Supplied information: Begin

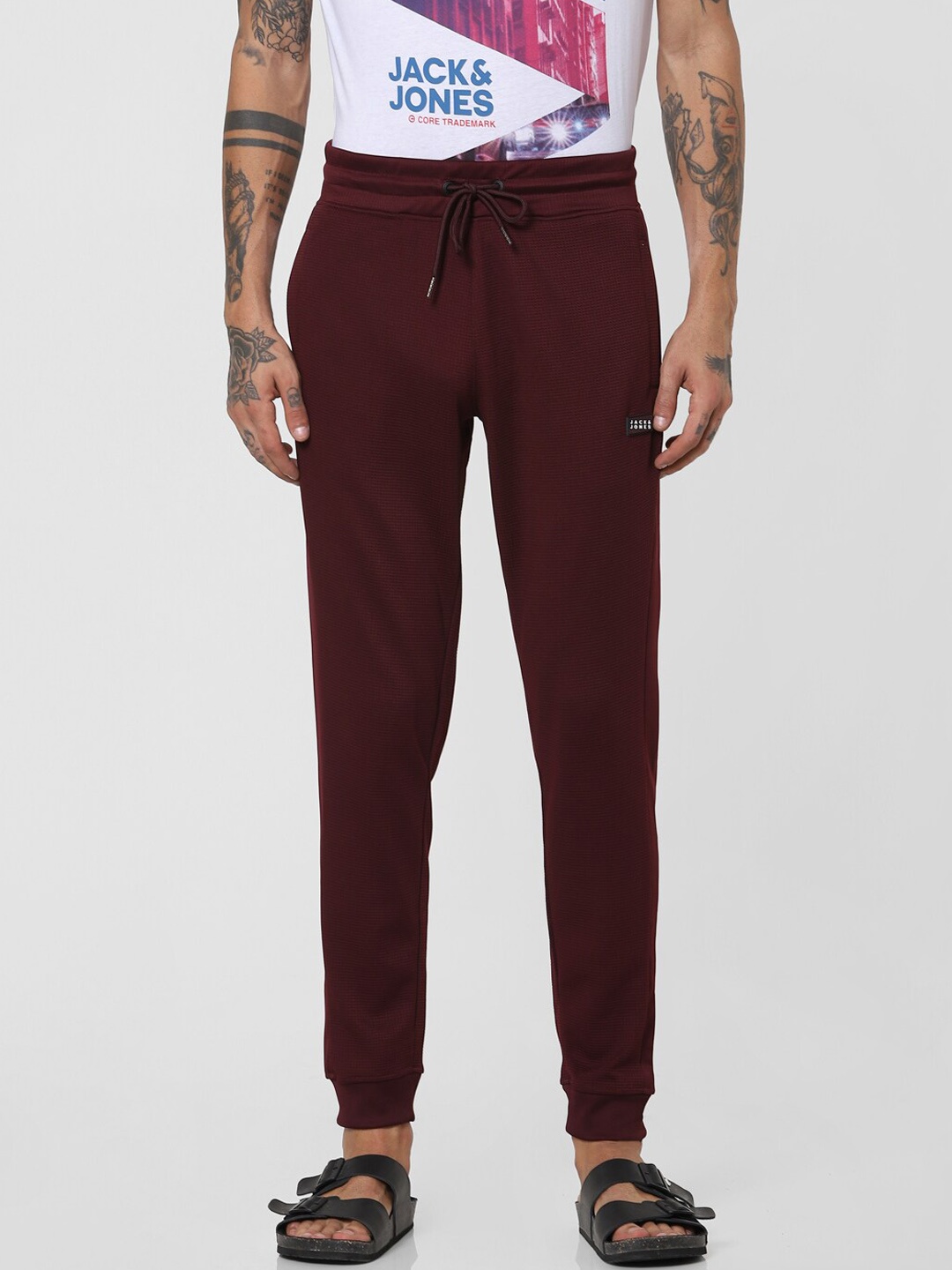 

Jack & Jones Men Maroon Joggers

Supplied information: End
Supplied information: Begin

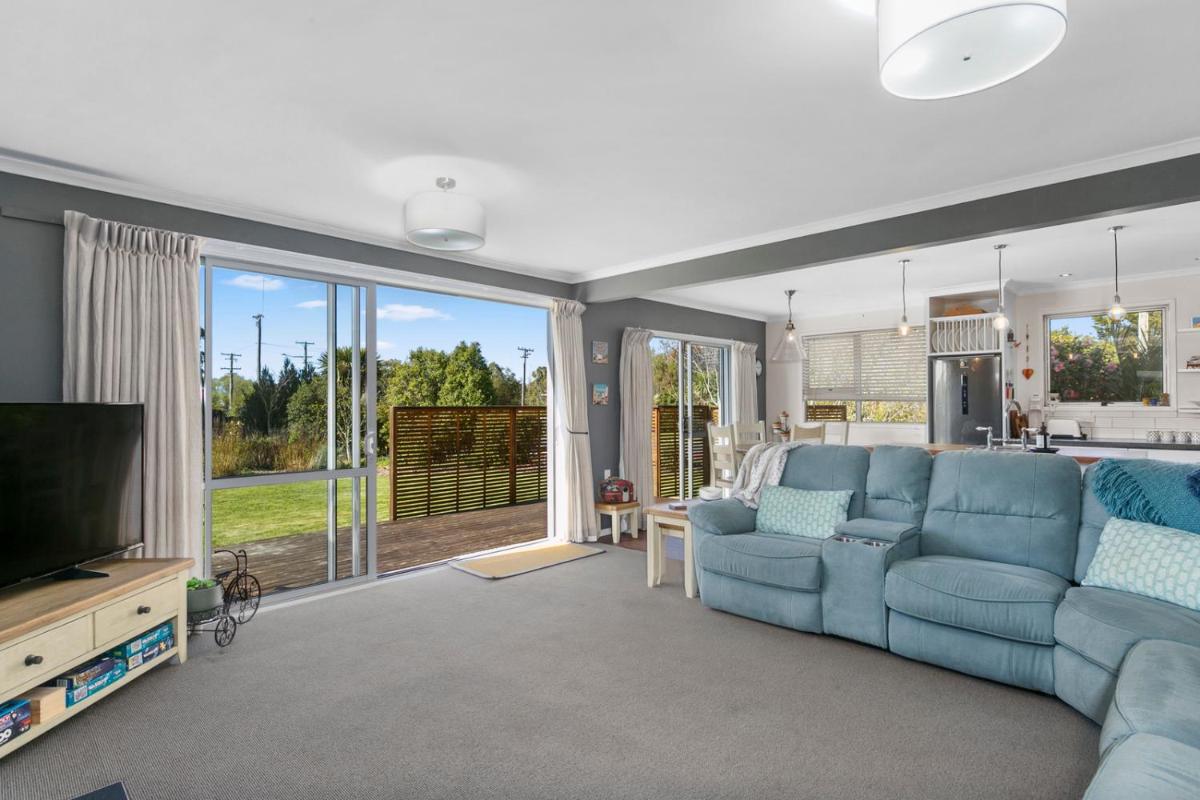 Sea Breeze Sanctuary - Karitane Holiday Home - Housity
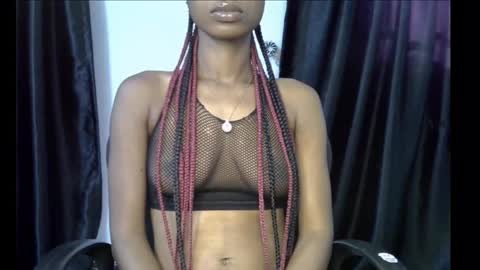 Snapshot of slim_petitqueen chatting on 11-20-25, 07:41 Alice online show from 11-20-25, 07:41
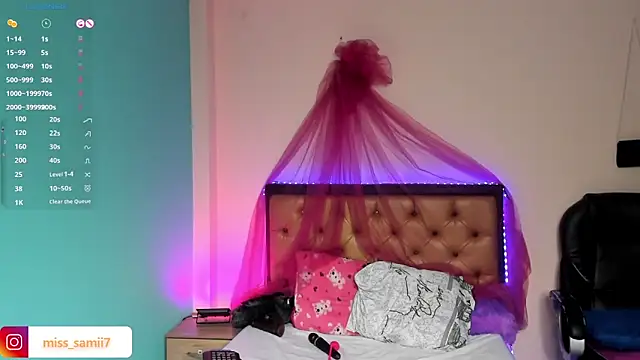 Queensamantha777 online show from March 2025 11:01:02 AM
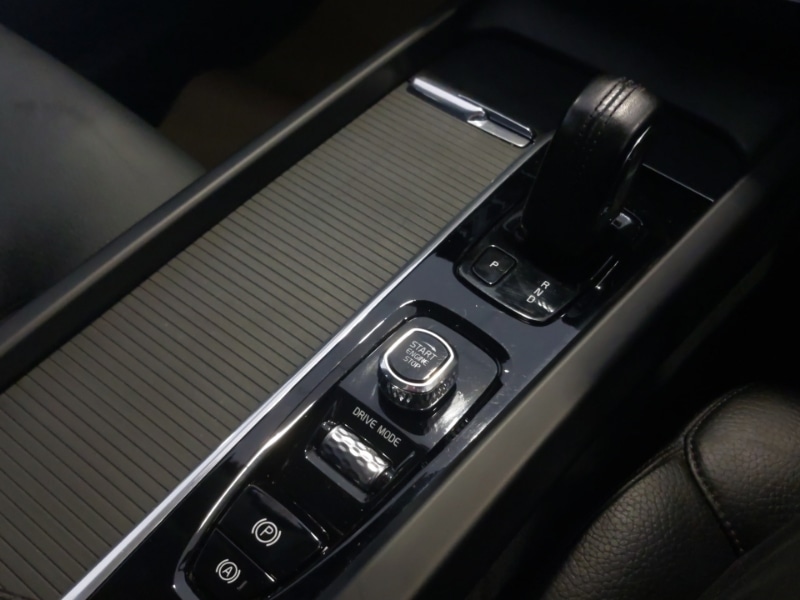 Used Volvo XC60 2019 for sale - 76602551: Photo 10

Supplied information: End
Supplied information: Begin

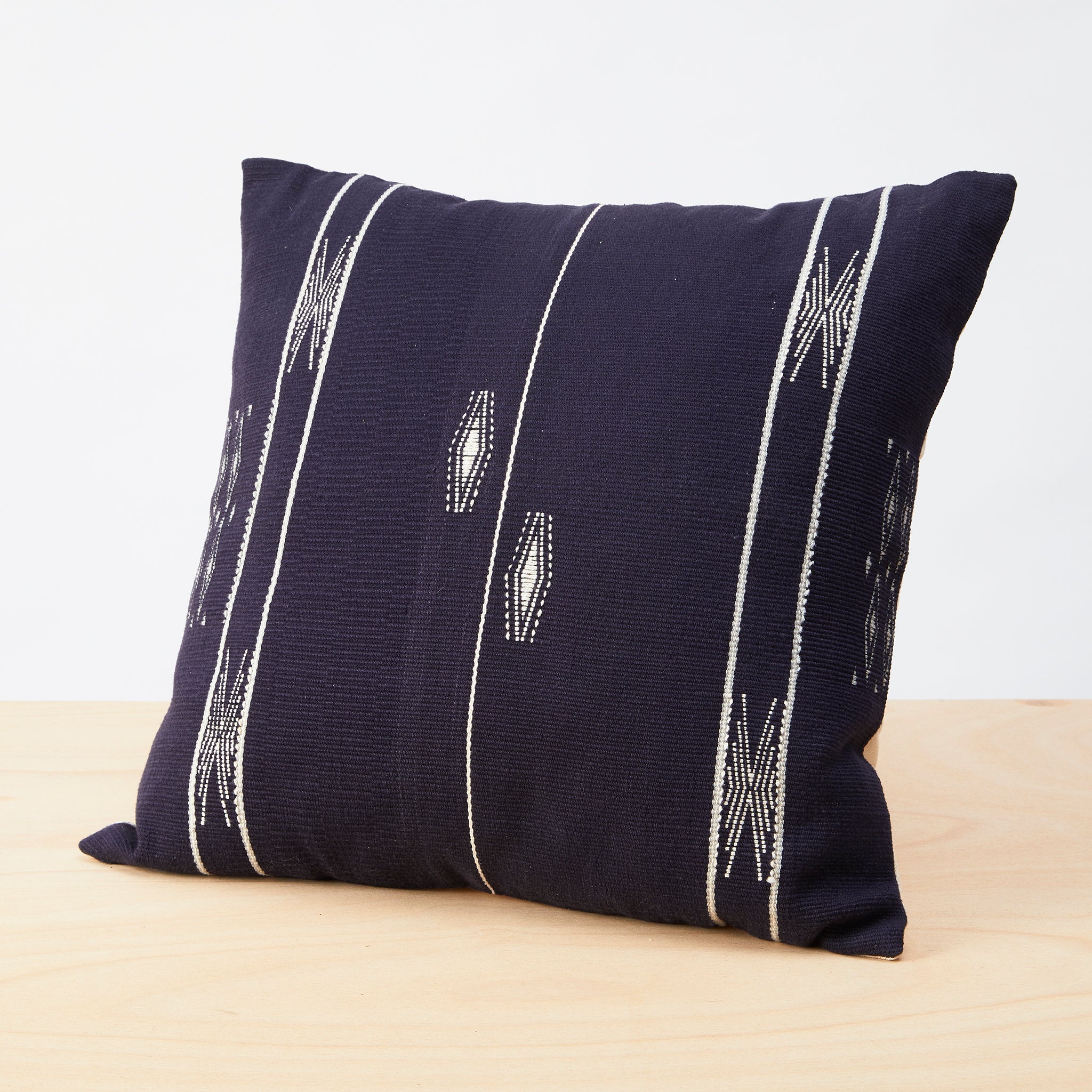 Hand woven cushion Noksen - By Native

Supplied information: End

### What the task requires
Write out word for word the lines above that run from the one with "Sea Breeze Sanctuary" to the one with "Used Volvo XC60". Include both end lines; exclude the images.

### Output of the task
 Sea Breeze Sanctuary - Karitane Holiday Home - Housity
 Snapshot of slim_petitqueen chatting on 11-20-25, 07:41 Alice online show from 11-20-25, 07:41
 Queensamantha777 online show from March 2025 11:01:02 AM
 Used Volvo XC60 2019 for sale - 76602551: Photo 10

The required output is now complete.